十畳いやもう少し広いだろうか、板べいの小屋だった。
ちいさな窓から中をのぞきこむと、七、八人が車座になってすわっている。
そして並々と注がれたコップ酒を、次つぎにからにしていた。
その中には、呼びこみの男がいた。
短剣をなげて喝采を浴びた中国人風の男もいた。
お手伝いをしていたチャイナ服がまぶしかった女性もいた。
割りばしをチリ紙で叩きわった武士道の先生もいた。
みな、顔を赤くしている。そしてそのなかにひと際大きな嬌声をはっしている、あのへび女がいた。
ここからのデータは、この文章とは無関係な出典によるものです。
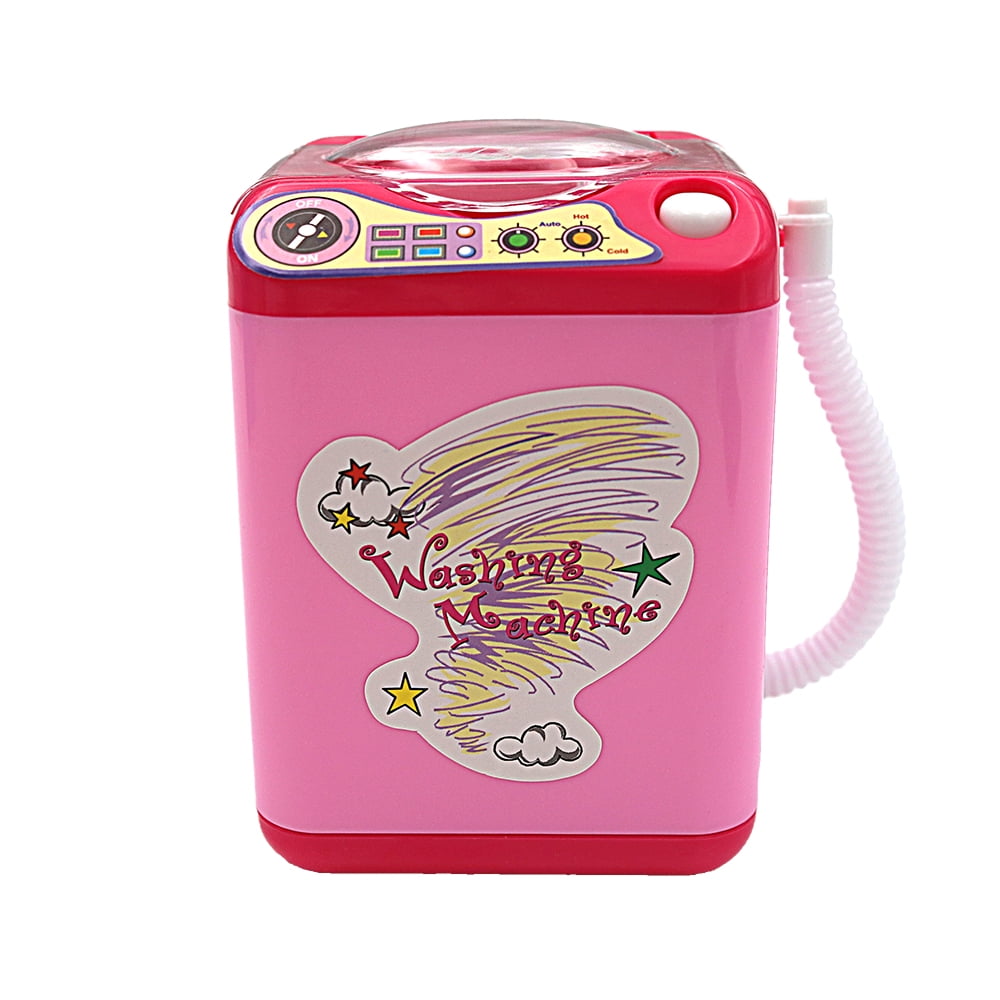 Mini Washing Machine for Makeup Brushes, Mini Toy Washing Machine,Pink Automatic Electric Beauty Sponge Washing Machine Clean Machine Cleaner for Make Up, Foundation Brush, Dollhouse and Girls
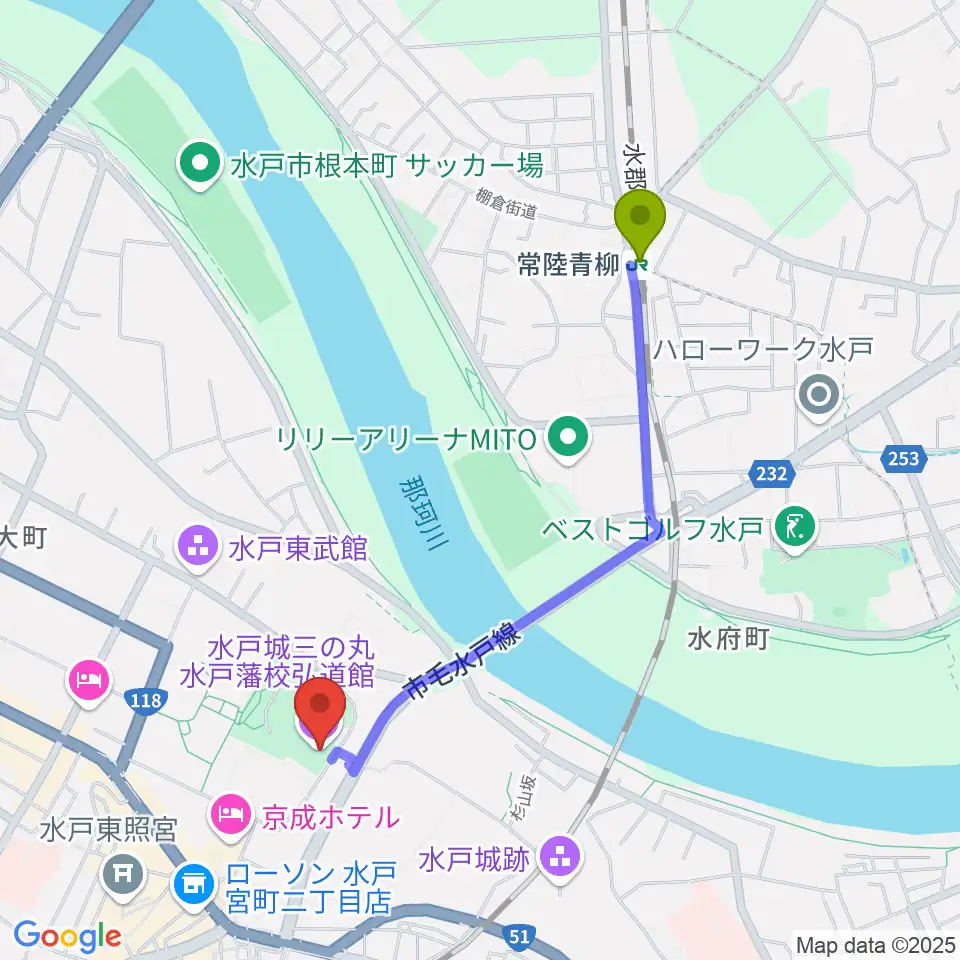 常陸青柳駅から弘道館へのルートマップ地図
舞台の上で着ていた真っ白な着物すがたで、やはりコップ酒を飲んでいた。
おおきく胸元をはだけている。身ぶり手ぶり大きく、話している。
白くもり上がった乳房が目にはいったとき、ふたりとも思わず目を伏せた。
「どういうことだ、どういうことなんだ!」
「へび女だよね、まちがいないよね。いっしょに居るよね、おさけを飲んでるよね」
そして改めてのぞいたとき、いままさに、かれらに封筒が手渡されているところだった。
その中身がなんであるかはふたりにもよく分かった。
そしてなにより、友人はもちろんぼくにも衝撃だったのは、皆がみな、あのへびを食べていたことであった。
その瞬間、ぼくの胸の熱いものがスッと消え、目がしらに熱いものがこみあげてきた。
横の友人をぬすみ見すると、ただ黙りこくっていた。
ギラギラとした光が、目から消えたように感じられた。
お互いなんのことばもなく、急に重くなった背中のリュックー炭酸飲料に菓子パンにインスタントラーメン、そしてせんべいの入ったリュックをおたがい見つめ合い、どちらからともなく笑った。
そして友人の目になみだが光り、ぼくのそれは頬をつたっていた。
幾重にもかさなったその夜の月は、いまでも脳裏に浮かんでくる。